Como lo había hecho en su encíclica “Laudato sii”, desentraña las causas del calentamiento del planeta afirmando que ha sido “causado principalmente por el aumento de gases de efecto invernadero en la atmósfera” y denunciando que este aumento de gases de efecto invernadero es atribuible a la actividad humana “que en los últimos decenios se ha vuelto insostenible para el ecosistema”. Y no solo eso, sino que esta actividad humana surge de “la ambición por producir y poseer [que] se ha convertido en una obsesión, y ha desembocado en una avidez sin límites, que ha hecho del ambiente objeto de una explotación desenfrenada”. En el fondo de todo esto Francisco sostiene que existe un “delirio de omnipotencia” que requiere ser revertido por una toma de conciencia, humilde y valiente, de “nuestro límite”.
De manera sutil, afirma que las divisiones y las posturas rígidas obstaculizan ese itinerario capaz aún de intentar revertir el deterioro de la casa y rechaza los tentativos de atribuir a los pobres y al número de nacimientos la responsabilidad de este fenómeno, siendo que la mitad más pobre de la humanidad es responsable apenas del 10% de las emisiones y que, en realidad son las principales víctimas del cambio climático y quienes padecen por la deforestación, el hambre, la inseguridad hídrica y alimentaria y quienes se ven obligados a emigrar.
En el contexto geopolítico ―en el que también incursiona en su discurso―, Francisco subraya la importancia de un cambio político que permita salir “del atolladero de los particularismos y nacionalismos y que “abrace una visión alternativa” de carácter multilateral; una visión que no se conforme con buscar “equilibrios de poder” sino que busque “establecer reglas globales y eficientes”, que encuentre formas “que sean eficientes, que sean obligatorias y que se puedan monitorear fácilmente”…
Como era de esperarse en un discurso de quien no solo es jefe del Estado Vaticano, su discurso concluye con una referencia al “hermano Francisco”, quien hace 800 años ―en 1224― compuso el “Cántico de las criaturas” “tras una noche de sufrimiento, ya completamente ciego”.
Más allá, pues, de la postura “ecologista” del jefe de Estado, está, de nuevo el corazón de un pastor cuya misión trasciende las fronteras eclesiales y se abre a la humanidad en su conjunto y a la casa común que constituyen esas criaturas diversas que ―cada una a su nivel― son capaces de alabar a su creador y, en el caso de los seres humanos, de rechazarlo a Él y de dañar gravemente los ámbitos de la creación a los que tiene acceso.
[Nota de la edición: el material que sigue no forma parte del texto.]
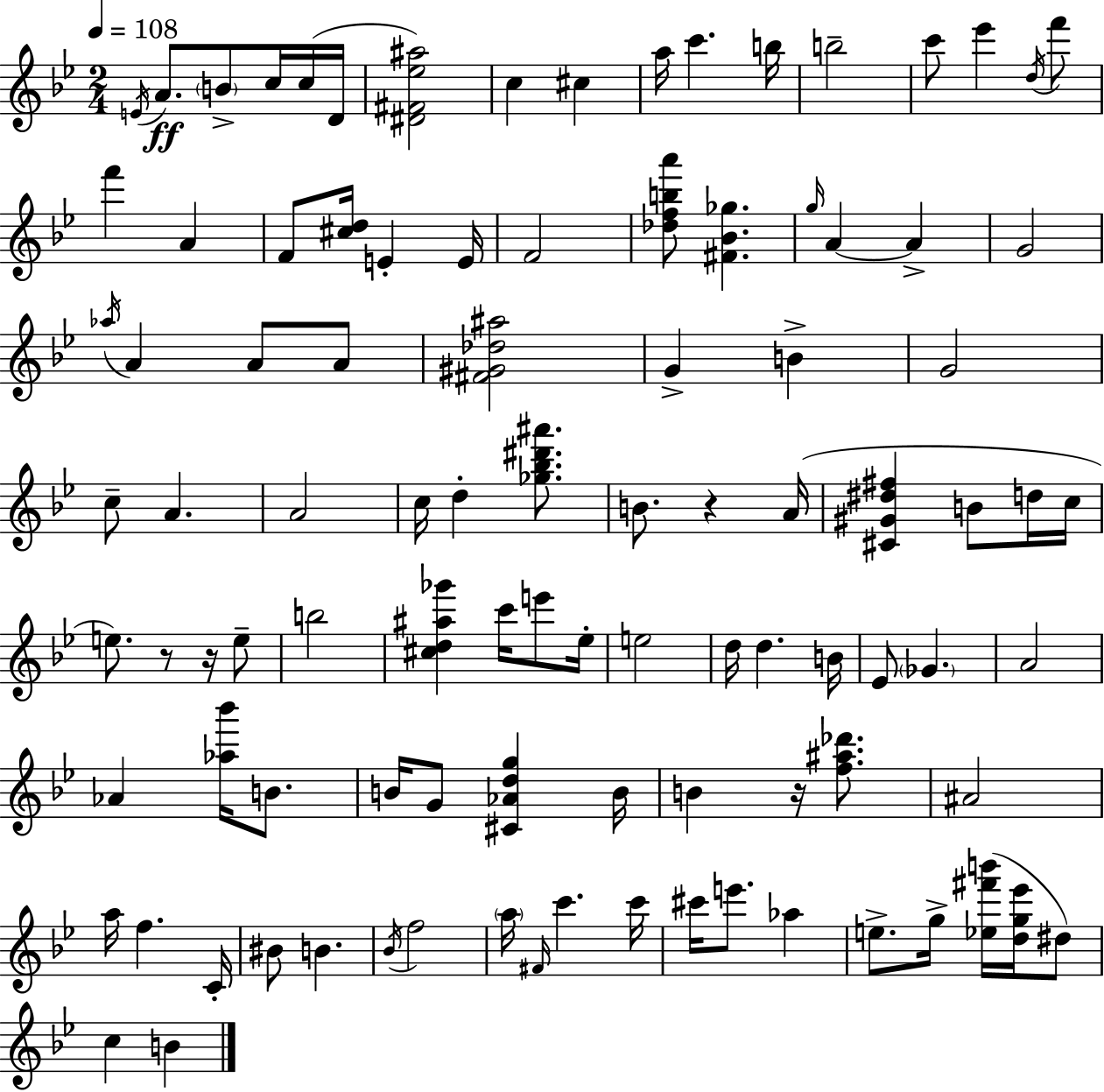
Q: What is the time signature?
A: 2/4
En el Papa Francisco, pues, podemos detectar una postura ecológica que se podría adjetivar como “holística” ya que no se reduce a la ocupación por la casa [oikos] común, sino por quienes habitamos en ella y por quien “con sus manos de artista, de arquitecto e ingeniero” ha creado la casa cuyo cuidado ―no explotación― ha encomendado a sus habitantes, particularmente a quienes toman las decisiones trascendentales en este mundo, esas que afectan ―para bien o para mal― a todas las criaturas, entre ellas “sora nostra matre Terra”…
Y sí, como lo sostuvo el presbítero y doctor en filosofía José Francisco Gómez Hinojosa en un ensayo, el meollo de la cuestión no es tanto de “logos” sino de “filía”, es asunto de eco-filía, más que de eco-logía, más de una práctica amorosa que de bellas palabras acerca de la casa y de sus habitantes. Por ello, estas palabras las quise denominar ―dando el crédito correspondiente a “Paco”― “De la eco-logía a la eco-filía”.